Every line of the data should be written out exactly, with the pictures left out.
== The data ==
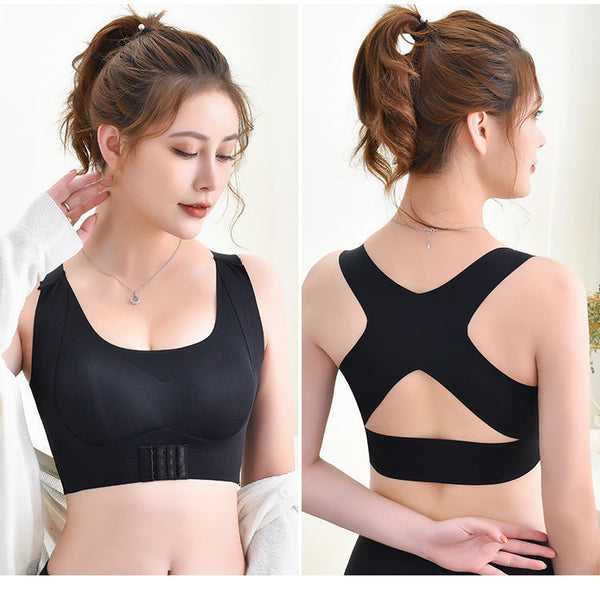 A woman models the PostureFix™ Bra For Women, a black 2-in-1 breast lifter and back support shaper with a scoop neckline, wide straps, front closure, and crisscross-back for posture correction. Her brown hair is in a ponytail.
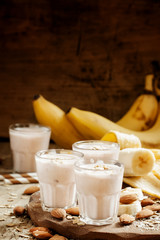 Banana smoothie with milk, oatmeal and almonds on the old wooden
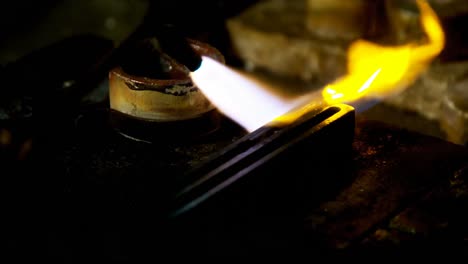 Welding-torch-is-being-used-to-melt-jewellery-in-workshop-4k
===
Solved problem |
 A woman models the PostureFix™ Bra For Women, a black 2-in-1 breast lifter and back support shaper with a scoop neckline, wide straps, front closure, and crisscross-back for posture correction. Her brown hair is in a ponytail.
 Banana smoothie with milk, oatmeal and almonds on the old wooden
 Welding-torch-is-being-used-to-melt-jewellery-in-workshop-4k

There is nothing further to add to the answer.